Life is a constant integration of your experiences and learnings. Something you read or learned moons ago may come up again and understanding will be revealed. You live long enough, if you are given the beauty of time, you get to revisit moments that impacted you and re-evaluate them through the lens of (hopefully) a wiser elder.
It’s good to pay attention as you meander down the path of life. Yes, there will be times when your attention is not focused on one particular thing. Life gets busy and at times you have to step back and breathe.
Been talking about DMT a bit lately and how my times with the plants that contain this molecule have altered my chemistry. The beauty of hallucinations and the struggle through the physical reaction of plant medicine will always be recalled. That is not where the learning is.
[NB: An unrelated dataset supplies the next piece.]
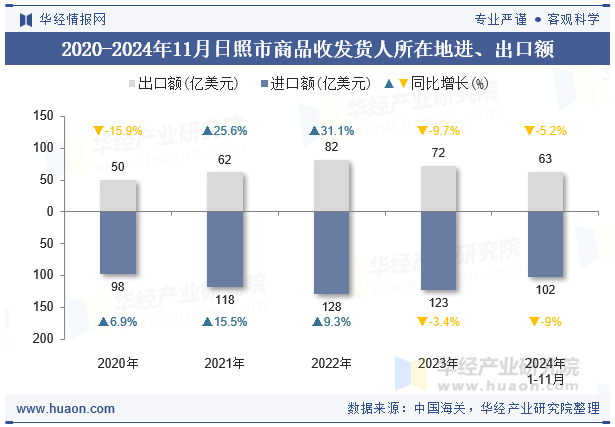 2020-2024年11月日照市商品收发货人所在地进、出口额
The teaching comes from integrating what you were shown and what you experienced.
Or on Qobuz….at this link…https://open.qobuz.com/track/65967865
One example that stays with me was when I was sitting in Acaciaville, towards the end of an afternoon, wrapped in the arms of the acacia. I was with my friends Joe and Julie and they had gone inside to get some nourishment while I vibrated on the deck. This was the end of a journey that had opened up my heart. This was not something I had been seeking, this was being set out in front of me by this medicine.
Love was always in my heart but this was about 4-5 months after my marriage had dissolved. I was not drinking this medicine with the intent to heal. It was intentional experimentation with hopes I would be shown something. I knew there was healing going on after my first journey with acacia.
Joe and Jules were vibrating with warmth that night, and it burst through their complicated relationship. There was healing happening there, healing that would not last, but it reverberated. I can close my eyes now and see and feel that setting sun. The golden colour seeped into my being and I knew that all was going to be alright. Yes, everything is alright and has always been alright. This simple mantra has been part of me for decades.
Tears ran down my face and I smiled. I nodded at the sky, said some words, a blessing, and felt the universe hug me. I sat in silence as the light faded, smoked a cigarette and said “Thank You”.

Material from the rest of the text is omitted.